Task instructions: Find the line that contains "And also what". Copy it and every line after it to the end of the material below, exactly, with no pictures.

Provided entries:
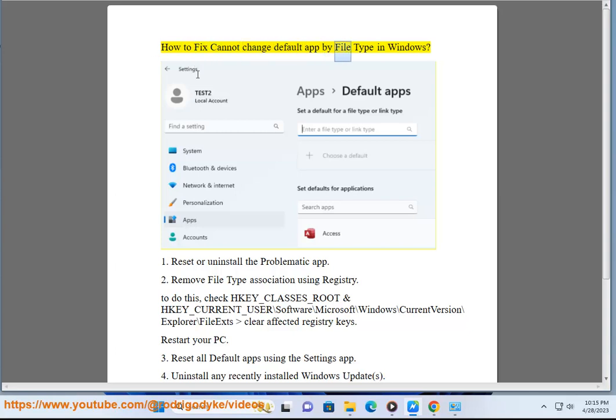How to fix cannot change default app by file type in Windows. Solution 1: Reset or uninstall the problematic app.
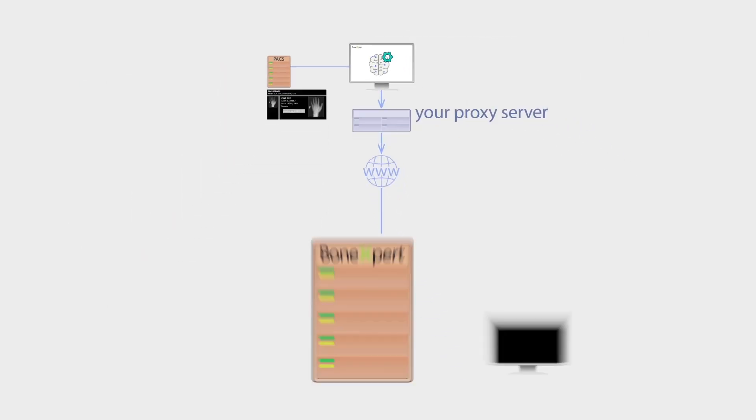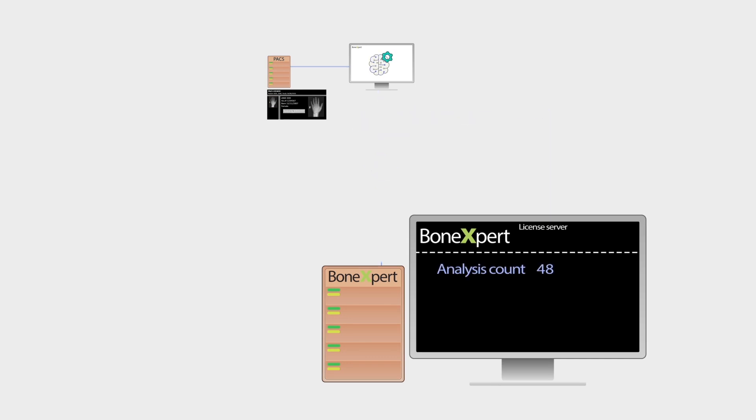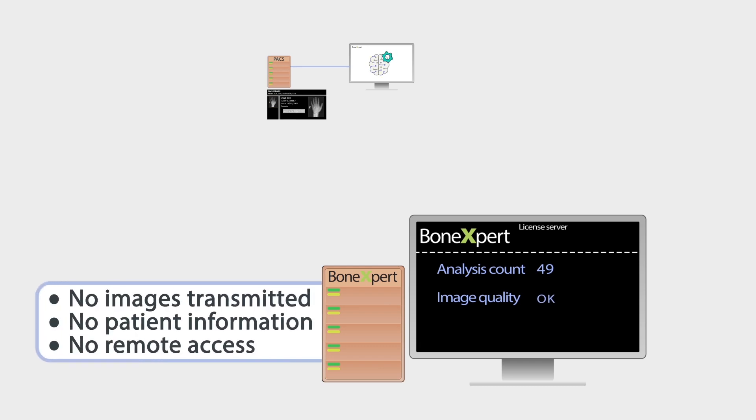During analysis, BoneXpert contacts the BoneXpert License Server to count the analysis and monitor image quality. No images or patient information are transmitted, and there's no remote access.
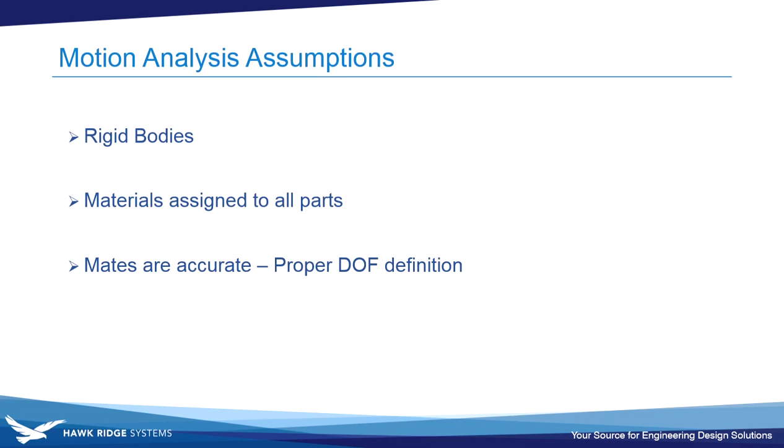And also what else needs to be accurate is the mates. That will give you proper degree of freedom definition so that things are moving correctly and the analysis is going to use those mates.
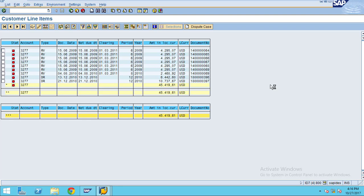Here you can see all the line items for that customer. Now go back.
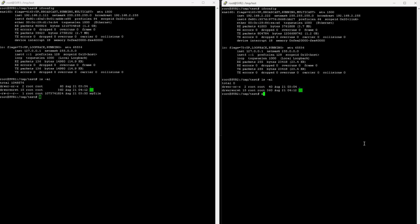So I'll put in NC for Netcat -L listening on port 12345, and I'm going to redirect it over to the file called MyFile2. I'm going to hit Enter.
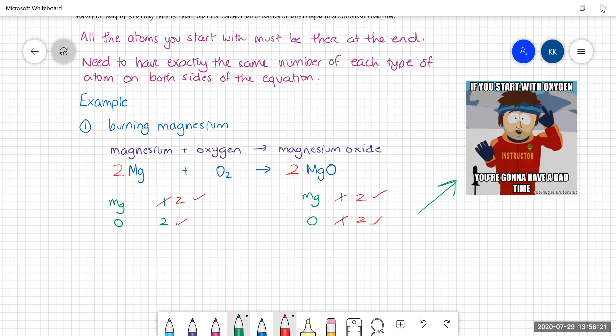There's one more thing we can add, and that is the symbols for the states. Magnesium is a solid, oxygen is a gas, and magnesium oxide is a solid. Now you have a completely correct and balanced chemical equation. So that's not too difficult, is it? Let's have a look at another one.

Final answer:
And also what else needs to be accurate is the mates. That will give you proper degree of freedom definition so that things are moving correctly and the analysis is going to use those mates.
Here you can see all the line items for that customer. Now go back.
So I'll put in NC for Netcat -L listening on port 12345, and I'm going to redirect it over to the file called MyFile2. I'm going to hit Enter.
There's one more thing we can add, and that is the symbols for the states. Magnesium is a solid, oxygen is a gas, and magnesium oxide is a solid. Now you have a completely correct and balanced chemical equation. So that's not too difficult, is it? Let's have a look at another one.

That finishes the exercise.